A basic set up for public key authentication has a local private key (usually .ssh/id_rsa) and a public key that is listed in .ssh/authenticated_keys of the remote host. An identity file essentially allows you to use an alternative file to store the private key, or different private keys for different remote hosts. A typical case when a pem file is given is for connecting to AWS EC2 instances where pem files are generated by AWS for you to access the instances.

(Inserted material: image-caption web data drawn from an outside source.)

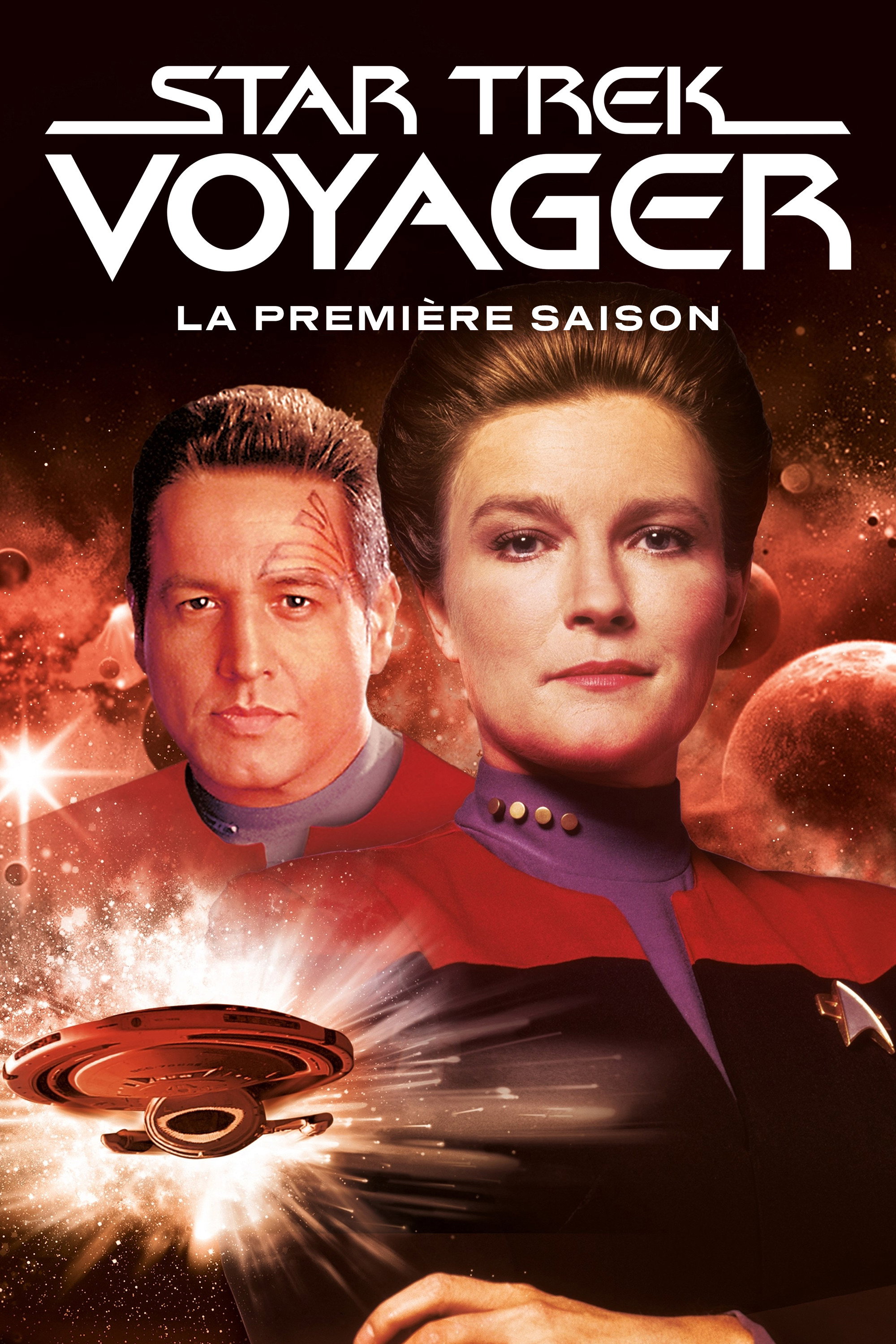 STAR TREK : VOYAGER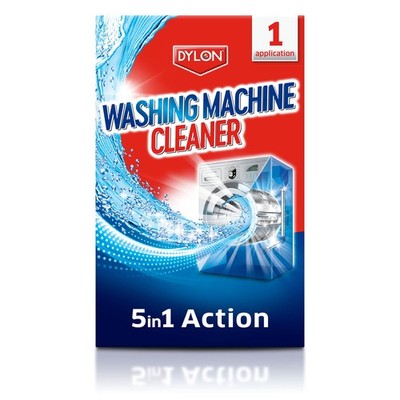 Colour Catcher Dylon Waschmaschinenreiniger 1 Anwendung, 75 g (1er Pack), weiß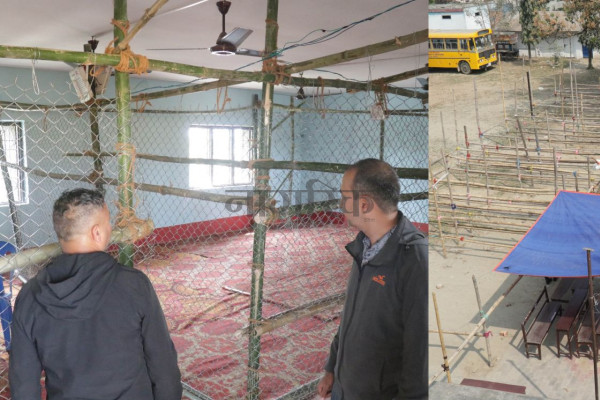 मोरङमा सम्पूर्ण तयारी पूरा, २४ घण्टाभित्रै नतिजा सार्वजनिक गर्ने लक्ष्य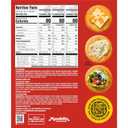 RITZ Fresh Stacks Original, Everything, and Garlic Butter Crackers Variety Pack, Travel Snacks, 8.85 oz (6 Multi Snack Packs),  Best By 12 AUG 2026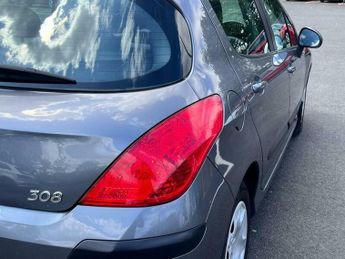 Peugeot 308 1.4 VTi S 5dr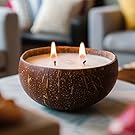 Vanilla scented candles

To allow the use of an identity file to connect to a remote host, you can define pem_file for the remote host. For example, you can have the following definition for an AWS EC2 instance
hosts:
aws:
address: ec2-user@xx.xx.xx.xx
pem_file: /path/to/my.pem
paths:
home: /home/ec2-user/
If you have multiple EC2 instances sharing the same identify file, you can define the pem_file in local host as
localhost: desktop
hosts:
desktop:
pem_file: /path/to/my.pem
aws1:
address: ec2-user@xx.xx.xx.xx
aws2:
address: ec2-user@xx.xx.xx.xx
If you have different identity files for different remote hosts, you can specify them as a dictionary:
localhost: desktop
hosts:
desktop:
pem_file:
aws1: /path/to/ec1.pem
aws2: /path/to/ec2.pem
aws1:
address: ec2-user@xx.xx.xx.xx
aws2:
address: ec2-user@xx.xx.xx.xx
non_aws:
address: another_host
Note that sos configurations can be split into multiple configuration files so you can defines hosts in site_config.yml or ~/.sos/hosts.yml, and location of identity files in a separate configuration file.

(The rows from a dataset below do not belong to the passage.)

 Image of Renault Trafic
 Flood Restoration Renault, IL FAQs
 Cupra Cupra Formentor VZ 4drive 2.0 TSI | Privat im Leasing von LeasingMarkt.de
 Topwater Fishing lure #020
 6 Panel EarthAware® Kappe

Each host has a queue that specifies how tasks and workflows are executed. The default queue_type is process, meaning that the task or workflow would be executed directly, subject to max_running_jobs, which is default to 10 for process queue.
For a PBS system such as LSF and Slurm, SoS creates a shell script from a workflow_template or task_template, submit it to the PBS system, and monitor its process.

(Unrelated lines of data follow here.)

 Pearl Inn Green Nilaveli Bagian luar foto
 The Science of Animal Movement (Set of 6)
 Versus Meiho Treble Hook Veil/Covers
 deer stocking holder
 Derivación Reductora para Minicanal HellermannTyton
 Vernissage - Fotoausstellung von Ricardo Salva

The first property submit_cmd is the command that will be executed to submit the job. It accepts all variables for task_template, and an variable job_file that points to the location of the job file on the remote host. The submit_cmd is usually as simple as
qsub {job_file}
but could contain other variables such as walltime
msub -l {walltime} < {job_file}
After the task is submitted, SoS tries to capture a job_id from the output of the submit_cmd. The output differs from system to system so submit_cmd_output could be as simple as
submit_cmd_output='{job_id}'
or something like
submit_cmd_output='Job <{job_id}> is submitted to queue <{queue}>'
Although currently unused, status_cmd and kill_cmd should be commands to queue the status of or kill the PBS job with job_id. For example, for a basic torque system, these properties could be
status_cmd: qstat {job_id}
kill_cmd: qdel {job_id}
Variable passed to task_template
| variable | usage |
|---|---|
task |
task ID |
nodes |
Number of nodes for a single task |
cores |
Number of cores for a single task |
mem |
Total RAM of a single task , passed to template in bytes |
walltime |
Total execution time of a task, passed to template in the format of HH:MM:SS |
workdir |
current project directory (mapped to remote host) |
command |
command to be executed by SoS (sos execute ...) |
VARIABLE (any) |
variables passed from host definition or command line |
Variables mem, walltime etc are defined from task options
task: walltime='2h'
or from command line
%sos run -q cluster walltime=2h
to specify the resources needed for one task. The input values will be adjusted if multiple tasks are grouped together (with options trunk_size and trunk_workers). SoS recognizes the units of the input and convert it to stanard HH:MM:SS format before passing to the template.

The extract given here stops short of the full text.